Broadchurch and former Doctor Who actor David Tennant is suing the owners of former tabloid News of the World over alleged phone hacking.
Lawyers issued a claim for compensation on Thursday at the High Court in London. Representatives for law film Collyer Bristow said in a statement to the BBC they will be representing nine people in total, including ex-Formula One driver Eddie Irvine.
News UK owned the newspaper until it was shut down by Rupert Murdoch in 2011 in the wake of the phone hacking scandal.
Other high-profile names to have settled claims against the paper over phone hacking include Love Actually actor Hugh Grant and singer Charlotte Church.
The law firm told the BBC its clients had been left with "no alternative" to legal action after the closure of a compensation scheme which had served as an alternative to litigation.
It said the News of the World had previously "admitted and apologised for hacking into the voicemails of a number of high-profile individuals."

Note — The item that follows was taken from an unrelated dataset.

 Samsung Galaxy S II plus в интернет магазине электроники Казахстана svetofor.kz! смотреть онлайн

Lawyer Steven Heffer, who is acting on behalf of the claimants, told the Press Gazette: “My clients have been left with no alternative but to issue claims in the High Court, and a number of other firms have done so this week.
“News Group has refused to provide disclosure of its wrongdoing, forcing victims into court.”

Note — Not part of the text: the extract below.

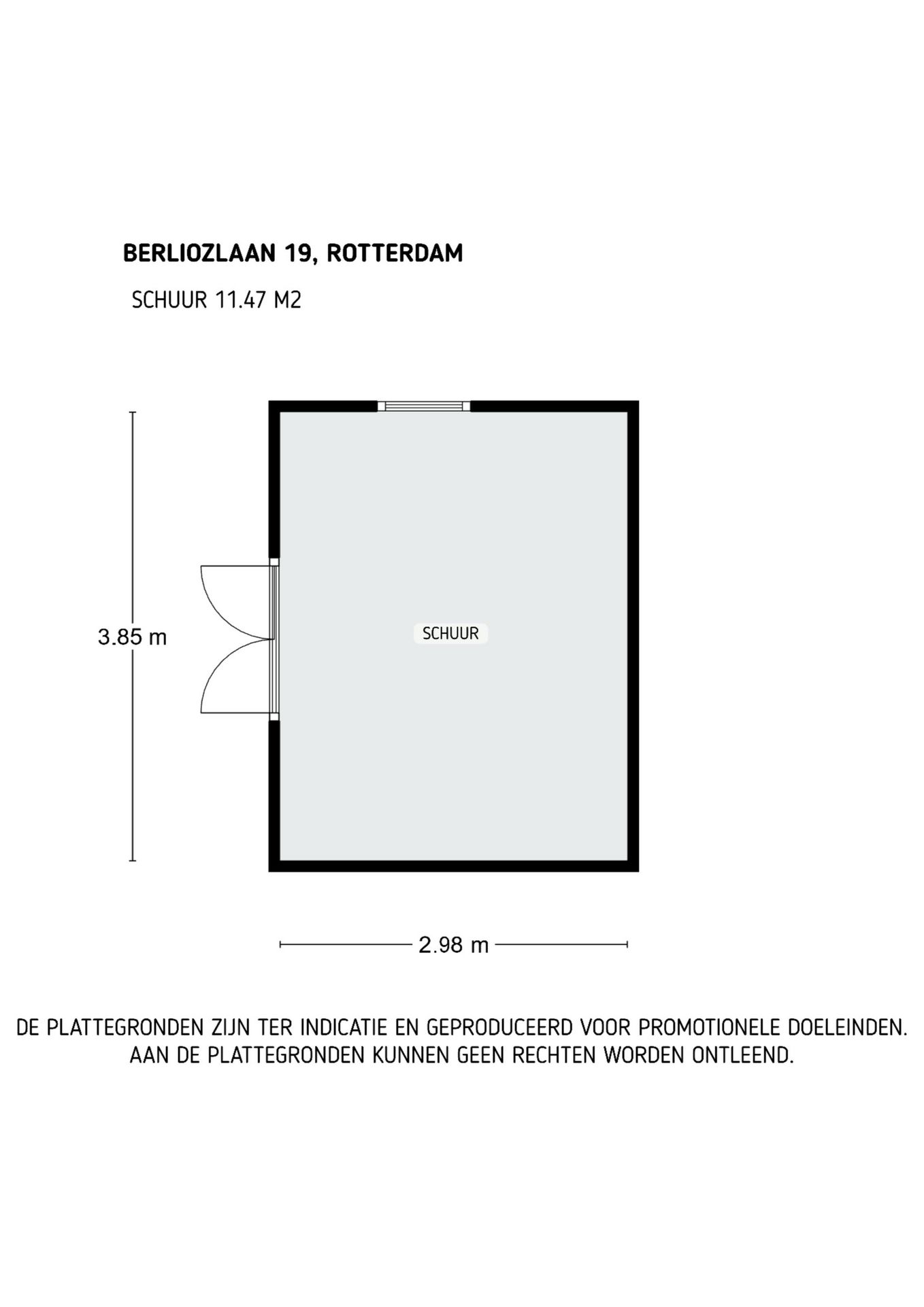 Foto 20 van Berliozlaan 19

The phone hacking scandal hit headlines back in 2011 and led to the launch of the Leveson Inquiry into press ethics as MPs investigated what went wrong.
Three police investigations also took place into phone hacking and alleged corruption, and the News of the World's editor Andy Coulson was sentenced to 18 months in prison for conspiracy to hack phones.
Collyer Bristow said its other claimants included Fran Cutler, Jess Morris, Tanya Frayne, Sophia Myles and Rob Gros.